Qu'il y a eu ineptie politique de l'exécutif, non seulement pour répondre aux demandes sociales, mais aussi pour gouverner en général, il l'a eu. Il n'y a jamais eu de "récit" [projet succint de gouvernement]. La "nouvelle forme de gouverner" [promesse de Piñera], avec parkas rouges, des résultats et non des intentions, celle du 24/7 [réaction au tremblement de terre] est considérée aujourd'hui comme un slogan sans forme ni substance. Les changements de stratégie terminent par mettre dans l'embarras même ses propres fonctionnaires. Si vous pensiez que le contrôle de l'ordre public pourrait faire partie d'une nouvelle histoire -appelée "la doctrine Aysén" [allusion au contrôle des désordres dans le sud]- les zigzags de la Monnaie [le palais du gouvernement] ont enterré cette idée, tandis que la répression policière semble non seulement excessive, mais aléatoire. Le dédain pour les conflits d'intérêts a coûté la tête d'une paire d'autorités et laissé boitante une autre paire. Et les attentes non satisfaites, surtout en matière de sécurité publique, font que de la déception, aujourd'hui, beaucoup passent à la repentance.

The Economist, cependant, essaye d'équilibrer l'analyse et pointe vers quelque chose de plus profond. Il reconnaît que l'économie croît, le chômage diminue et, pour la première fois, quelqu'un autre que le Président ou son ministre de l'Habitat reconnait que la reconstruction après le tremblement de terre progresse à un rythme raisonnable. Rappelez-vous que les pires détracteurs de la reconstruction ont été les parlementaires et les maires de la tendance du gouvernement ("arrêter de mentir", pria une fois un député UDI).
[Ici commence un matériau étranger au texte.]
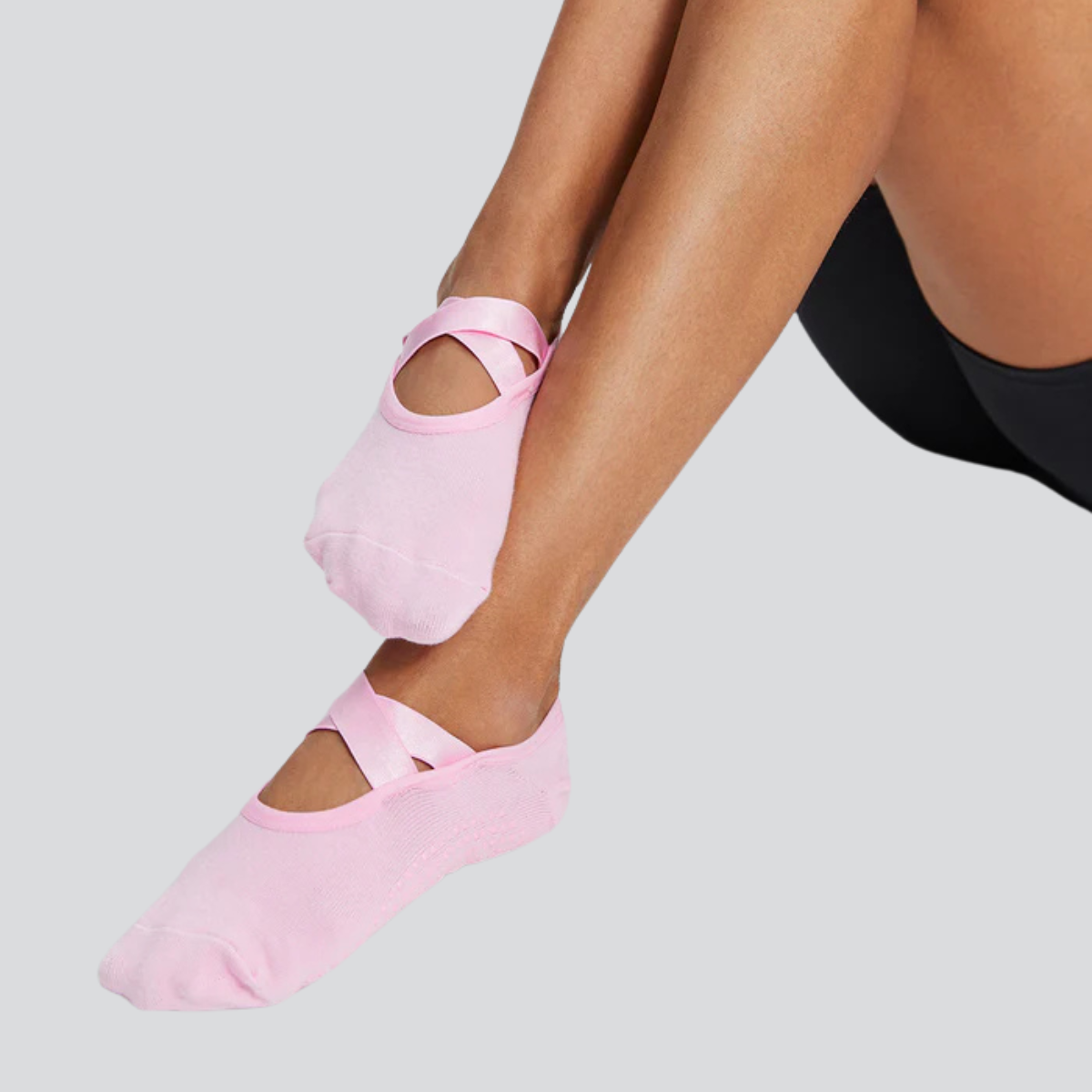 Pilates Grip Socks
Pour l'hebdomadaire, les causes profondes des troubles sont l'inégalité sociale, l'inégalité dans le système éducatif, les abus que génère la concentration économique et le système électoral. Cela crée un cocktail explosif pour la mobilisation citoyenne.

Le point inquiétant, c'est que l'opposition ne capitalise pas la mauvaise appréciation du gouvernement. Au contraire, on voit un ensemble de chefs de partis muets face aux organisations sociales et qui essayent de sauter dans le train de la première réclamation qui apparaît. Ce n'est pas The Economist qui le dit, mais il est très vrai qu'il y a de l'ineptie partout. Mais pour qu'elle ne s'étende pas partout, ce qui est nécessaire, c'est plus et mieux de démocratie. Plus de concurrence. Plus de canaux de participation. Et non une institutionnalité qui noye toute réclamation citoyenne.

Alors que les sénateurs et les députés se battent publiquement pour leurs assignations [finances], sans être capables d'organiser un système moyennement efficace et collectif d'assistance technique et appui institutionnel -aucun ne veut lâcher ce fil- les citoyens continuent à les voir tous ineptes de façon homogène. De ce jugement ne se sauve qu'une poignée, mais même la légitimité et la popularité énorme de ceux-là ne peut être suffisante pour reconstruire la confiance malade des Chiliens dans leurs politiciens et leurs institutions.